Division of Cancer Medicine, The University of Texas MD Anderson Cancer Center, Houston, USA.
Departments of Biostatistics, The University of Texas MD Anderson Cancer Center, Houston, USA.
Ann Oncol. 2012 Dec;23(12):3063-3069. doi: 10.1093/annonc/mds136. Epub 2012 Jul 9.
The clinicopathological characteristics and the prognostic significance of multifocal (MF) and multicentric (MC) breast cancers are not well established.
MF and MC were defined as more than one lesion in the same quadrant or in separate quadrants, respectively. The Kaplan-Meier product limit was used to calculate recurrence-free survival (RFS), breast cancer-specific survival (BCSS), and overall survival (OS). Cox proportional hazards models were fit to determine independent associations of MF/MC disease with survival outcomes.
Of 3924 patients, 942 (24%) had MF (n = 695) or MC (n = 247) disease.
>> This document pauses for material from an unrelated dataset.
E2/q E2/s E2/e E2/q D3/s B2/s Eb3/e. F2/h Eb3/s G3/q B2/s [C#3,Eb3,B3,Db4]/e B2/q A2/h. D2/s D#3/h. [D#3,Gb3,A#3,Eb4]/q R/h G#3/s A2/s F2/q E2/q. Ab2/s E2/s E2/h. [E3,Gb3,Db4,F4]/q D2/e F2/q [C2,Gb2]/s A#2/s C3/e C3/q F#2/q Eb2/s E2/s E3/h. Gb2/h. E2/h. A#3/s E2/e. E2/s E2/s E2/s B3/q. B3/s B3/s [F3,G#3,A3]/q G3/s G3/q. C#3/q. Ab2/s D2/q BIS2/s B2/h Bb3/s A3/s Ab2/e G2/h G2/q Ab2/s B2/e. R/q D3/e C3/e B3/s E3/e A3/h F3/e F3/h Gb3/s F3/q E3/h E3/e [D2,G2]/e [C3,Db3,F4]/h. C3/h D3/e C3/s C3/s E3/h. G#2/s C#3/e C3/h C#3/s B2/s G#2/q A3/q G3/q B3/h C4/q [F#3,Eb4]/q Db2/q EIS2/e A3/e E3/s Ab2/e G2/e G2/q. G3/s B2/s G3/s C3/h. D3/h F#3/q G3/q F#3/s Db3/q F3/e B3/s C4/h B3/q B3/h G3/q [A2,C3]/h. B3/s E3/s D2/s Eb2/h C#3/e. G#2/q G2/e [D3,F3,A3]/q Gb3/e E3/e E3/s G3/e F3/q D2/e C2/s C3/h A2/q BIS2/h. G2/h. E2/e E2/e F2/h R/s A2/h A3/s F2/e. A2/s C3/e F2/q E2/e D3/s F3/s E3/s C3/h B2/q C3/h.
MF/MC disease was associated with higher T stages (T2: 26% versus 21.6%; T3: 7.4% versus 2.3%, P < 0.001), grade 3 disease (44% versus 38.2%, P < 0.001), lymphovascular invasion (26.2% versus 19.3%, P < 0.001), and lymph node metastases (43.1% versus 27.3%, P < 0.001). MC, but not MF, breast cancers were associated with a worse 5-year RFS (90% versus 95%, P = 0.02) and BCSS (95% versus 97%, P = 0.01). Multivariate analysis shows that MF or MC did not have an independent impact on RFS, BCSS, or OS.
MF/MC breast cancers were associated with poor prognostic factors, but were not independent predictors of worse survival outcomes. Our findings support the current TNM staging system of using the diameter of the largest lesion to assign T stage.
多灶性(MF)和多中心性(MC)乳腺癌的临床病理特征和预后意义尚不清楚。
MF 和 MC 分别定义为同一象限或不同象限的多个病变。采用 Kaplan-Meier 乘积限法计算无复发生存率(RFS)、乳腺癌特异性生存率(BCSS)和总生存率(OS)。Cox 比例风险模型用于确定 MF/MC 疾病与生存结局的独立相关性。
在 3924 名患者中,942 名(24%)患有 MF(n=695)或 MC(n=247)疾病。MF/MC 疾病与更高的 T 分期(T2:26%比 21.6%;T3:7.4%比 2.3%,P<0.001)、3 级疾病(44%比 38.2%,P<0.001)、淋巴血管侵犯(26.2%比 19.3%,P<0.001)和淋巴结转移(43.1%比 27.3%,P<0.001)相关。MC 而非 MF 乳腺癌与 5 年 RFS(90%比 95%,P=0.02)和 BCSS(95%比 97%,P=0.01)较差相关。多变量分析表明,MF 或 MC 对 RFS、BCSS 或 OS 没有独立影响。
MF/MC 乳腺癌与不良预后因素相关,但不是生存结局较差的独立预测因素。我们的研究结果支持当前 TNM 分期系统使用最大病变直径来分配 T 分期。